So, Senior year was in full swing. I was getting ready to graduate and go off to graduate school in another country. Basketball season was also in full swing and I found myself attracted to a wonderful young lady in our InterVarsity chapter. It was a wonderful time of the year. That's the setting.
Here were the twists in the setting:
1) She was younger and not about to graduate
2) I had three good friends who also had crushes on her
3) I had already experienced the difficulties of a long-distance relationship
4) She and I served in Duke's IV chapter and spent time together often
5) We both were committed to Jesus and wanted to serve him wisely.
You know how the story ends, I think. Amy and I got married this past summer and are happily serving Jesus together. And Amy's not the woman from the story, in case you're wondering. So, how did I get from a crushed out Senior to a man married happily to Amy? That's the story.

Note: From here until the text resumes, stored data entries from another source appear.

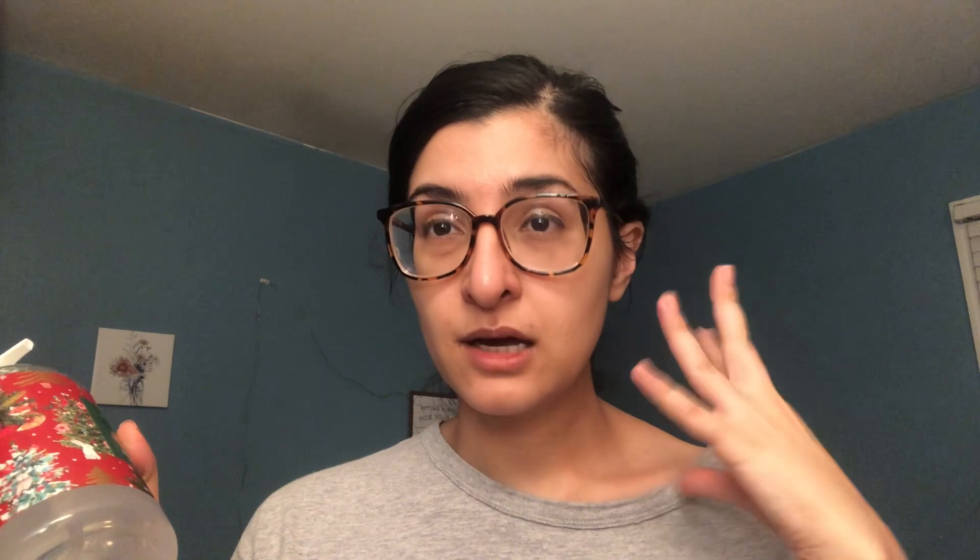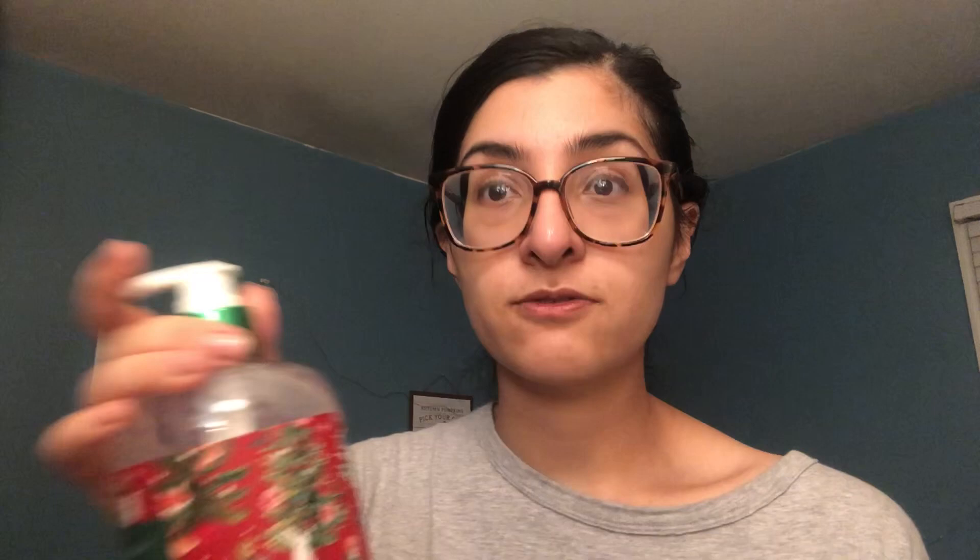I'm in my pajamas now, so don't mind me. This is so cute — it has little animals and trees, Christmas trees. I know it's not even Halloween yet, but I'm just craving the smells of the holidays. It smells really nice — I smelled it in the store and it was really good. It has coconut oil that provides a nourishing and gentle cleanse. Pick this up if you go to Marshall's.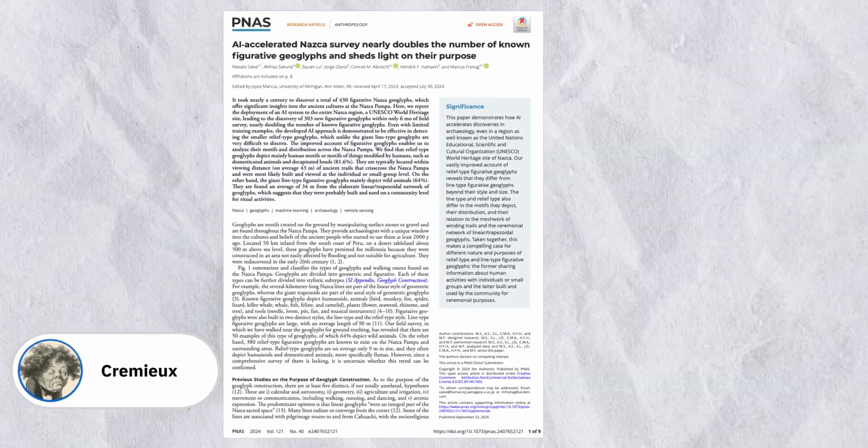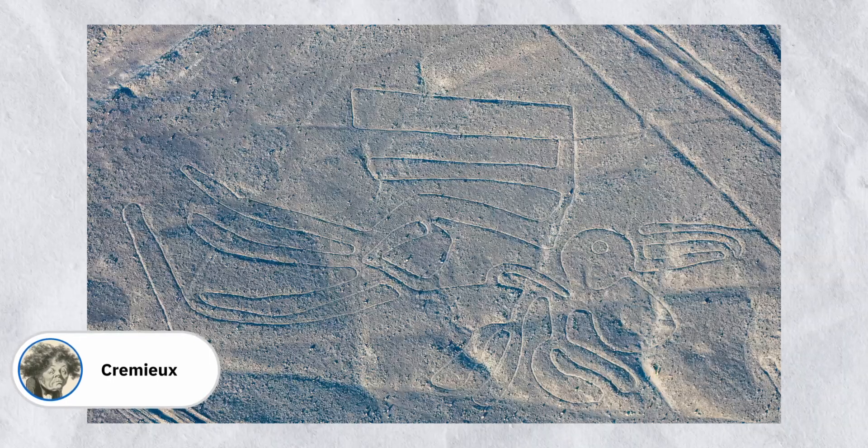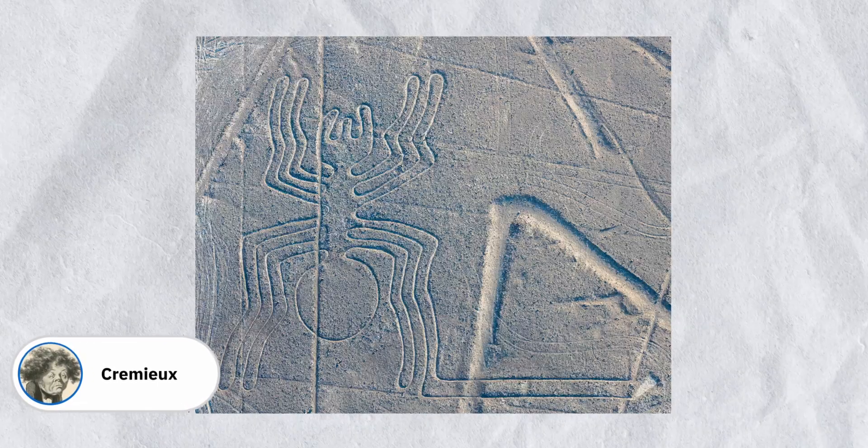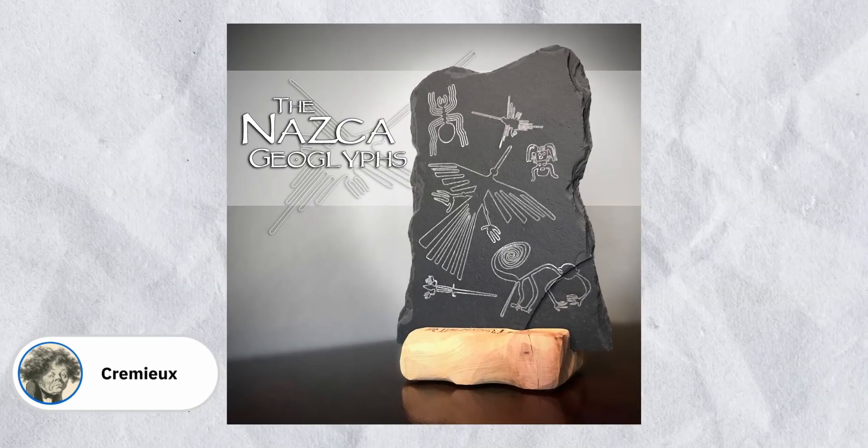A week or two ago, there was a really incredible paper that came out on the Nazca lines. The Nazca lines are those lines that people thought looked like they were made by aliens or whatever. The History Channel does all those funny shows claiming they were made by aliens — none of that.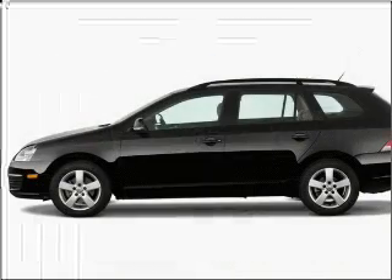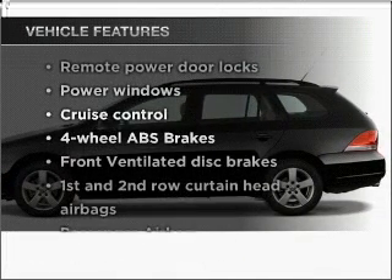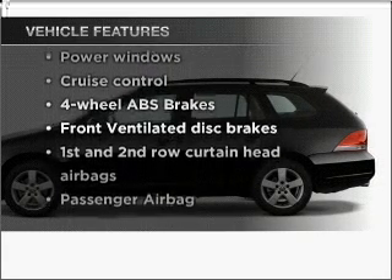Indulge in the comfort of heated seats. And with these notable features, you won't want to miss out on the opportunity to own this amazing ride.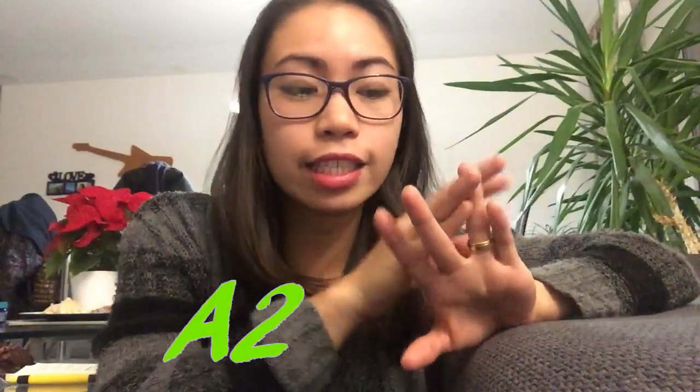The B2 German language certificate. German has six levels of language certificates. We have the basic levels which are the A's, the professional levels which are the B's, and the fluent levels which are the C's. A1 is the requirement to come to Germany as an au pair, which I talked about in my other video. The next level is A2.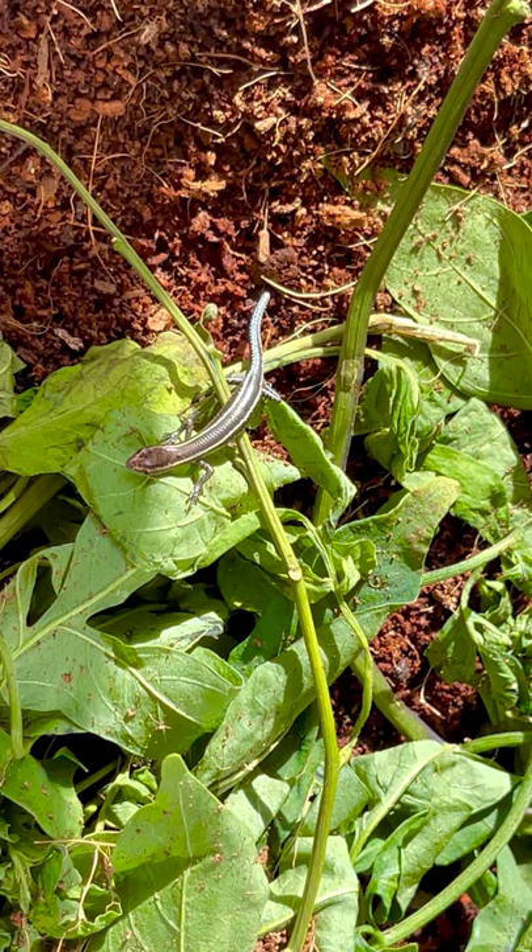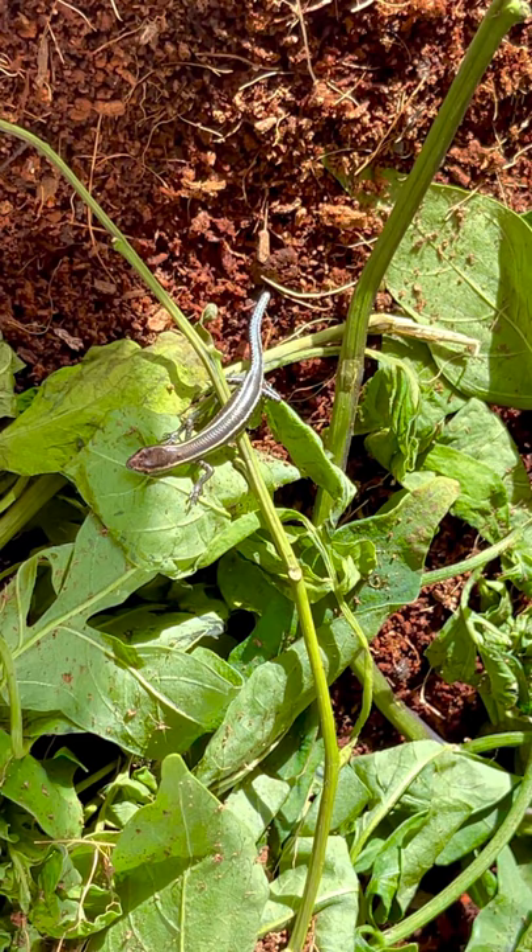I'm not actually a hundred percent sure what he is — he's either an elegant snake-eyed skink or possibly a fiend skink. They usually don't look like this, but rarely they can have a reddish head. He has a bit of a reddish head. Anyway, thanks for watching this video — goodbye!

March of my Senior year was a hard month. The Blue Devils lost in the tourney and I had to decide whether or not it would be wise to start something romantic with this friend. Every time we spent time together it was wonderful, fun, and life-giving (isn't that a good sign?). I should have been walking on clouds and floating on treetops, but I wasn't. I was sad. Why? It had little to do with the Devils, though I don't want to downplay the impact that NCAA basketball has on relationships. No, my sadness was due to the fact that I was fairly convinced that pursuing something romantic with this friend was unwise, "the right thing at the wrong time" to quote Harris.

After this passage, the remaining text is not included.